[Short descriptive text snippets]
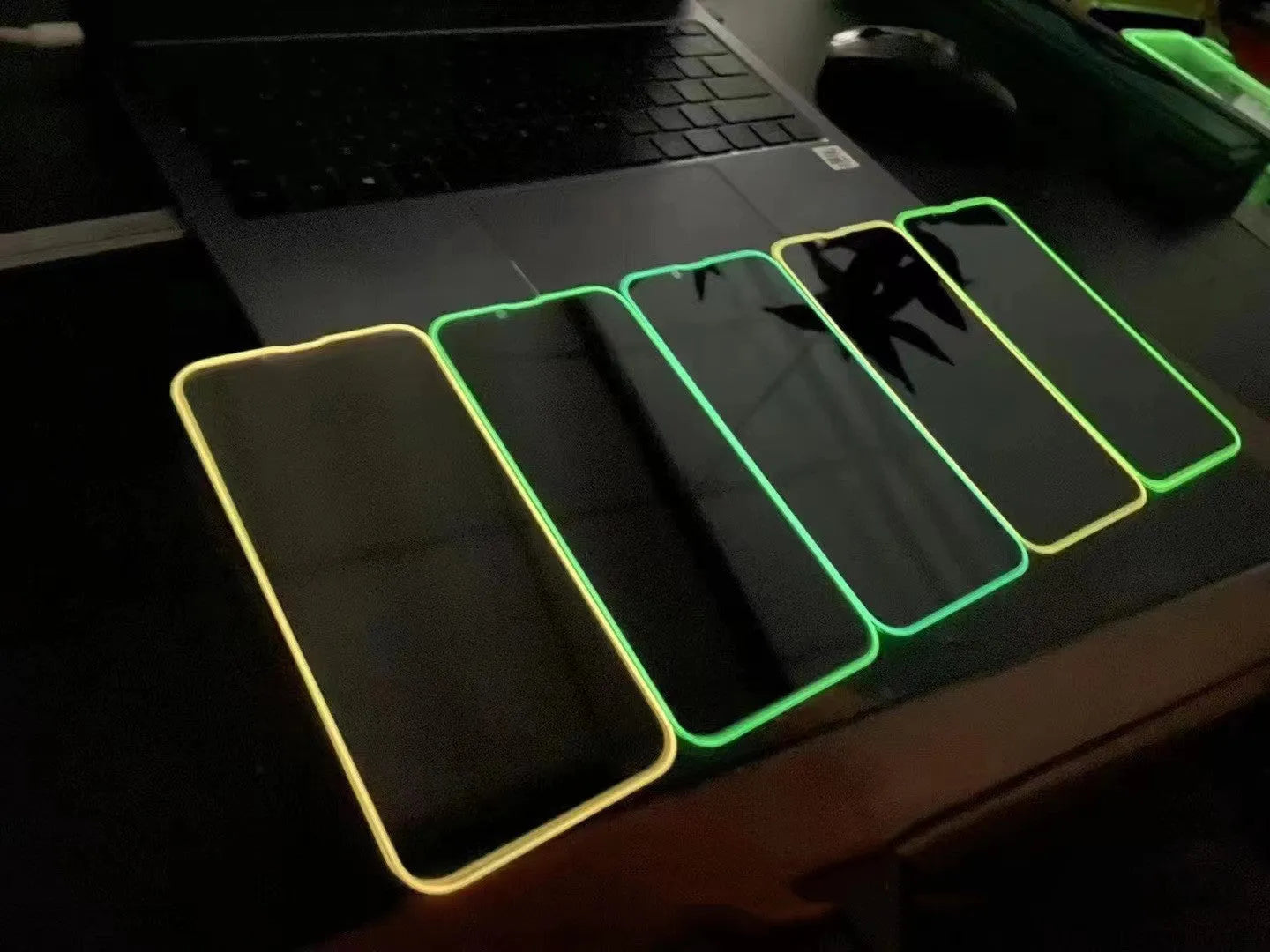 Fluorescent tempered glass iPhone screen protector in luminous colours showing full screen coverage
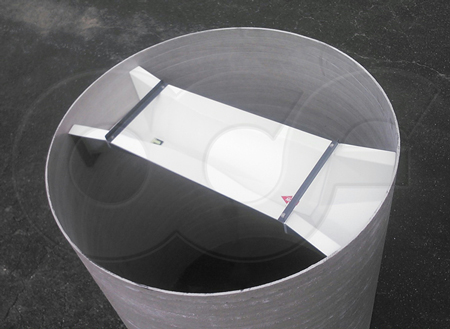 Trapezoidal flume with staged end adapters test fitted to a manhole section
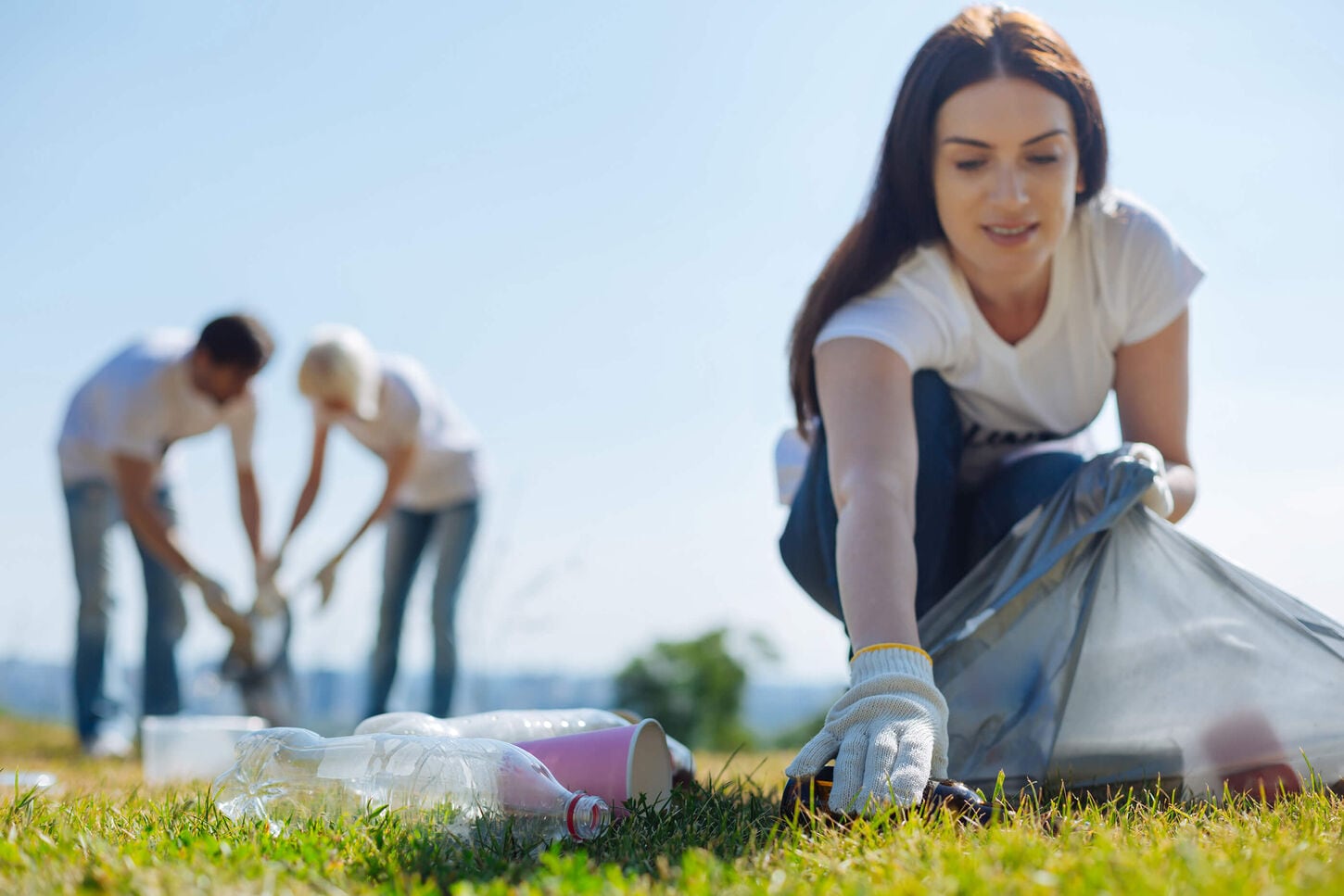 A woman outside picking up trash along with two others in the background also picking up trash.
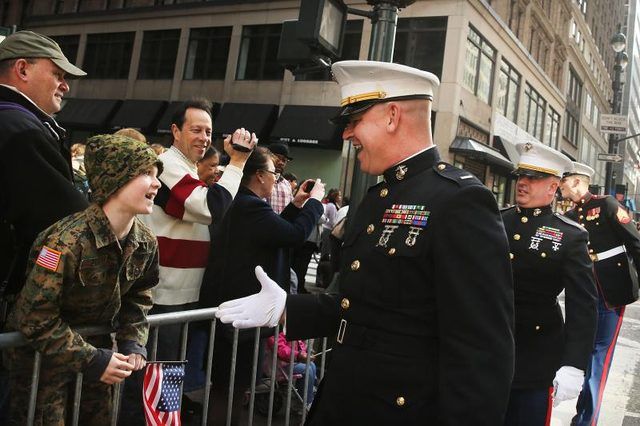 Un soldat du Corps des Marines sur le point de serrer la main avec un garçon lors d'un défilé.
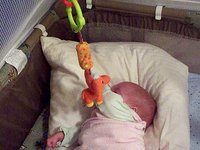 Lyra figures out her new toy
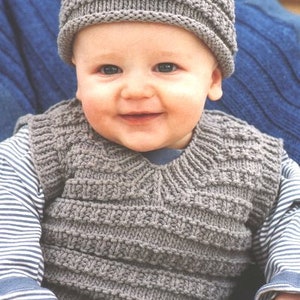 Puede incluir: Un bebé con un chaleco de punto gris y un gorro de punto gris. El chaleco tiene cuello en V y el gorro tiene un diseño sencillo.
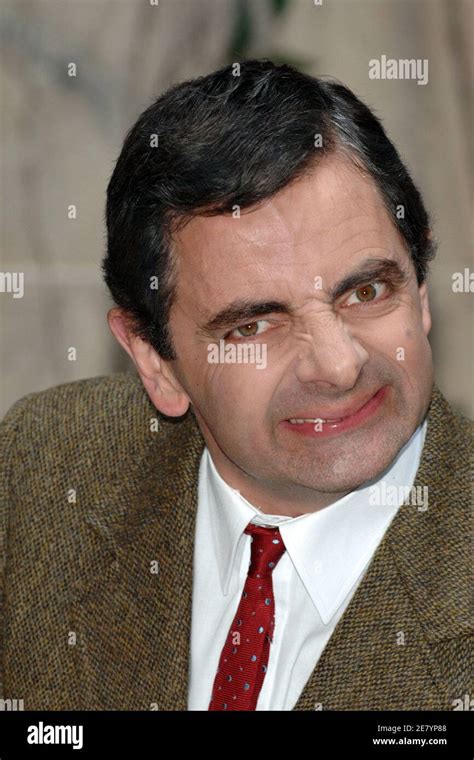 British Comedian And Actor Rowan Atkinson Poses For Pictures With A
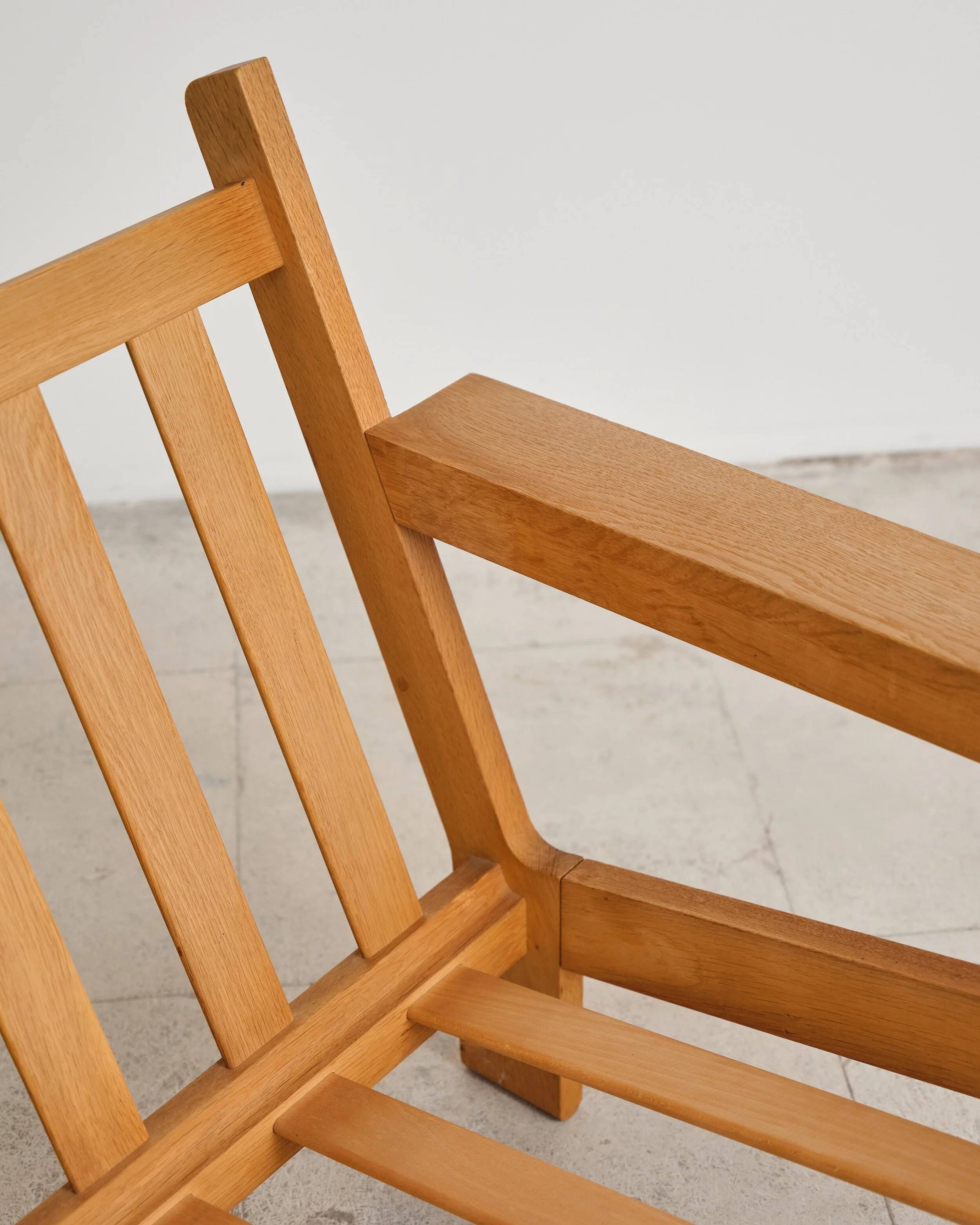 Brutalist armchair and ottoman by Tage Poulsen, Denmark, 1970s.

GOAL OF THE EXERCISE: A faithful copy of every entry is needed, omitting each image.

ANSWER SECTION:
 Fluorescent tempered glass iPhone screen protector in luminous colours showing full screen coverage
 Trapezoidal flume with staged end adapters test fitted to a manhole section
 A woman outside picking up trash along with two others in the background also picking up trash.
 Un soldat du Corps des Marines sur le point de serrer la main avec un garçon lors d'un défilé.
 Lyra figures out her new toy
 Puede incluir: Un bebé con un chaleco de punto gris y un gorro de punto gris. El chaleco tiene cuello en V y el gorro tiene un diseño sencillo.
 British Comedian And Actor Rowan Atkinson Poses For Pictures With A
 Brutalist armchair and ottoman by Tage Poulsen, Denmark, 1970s.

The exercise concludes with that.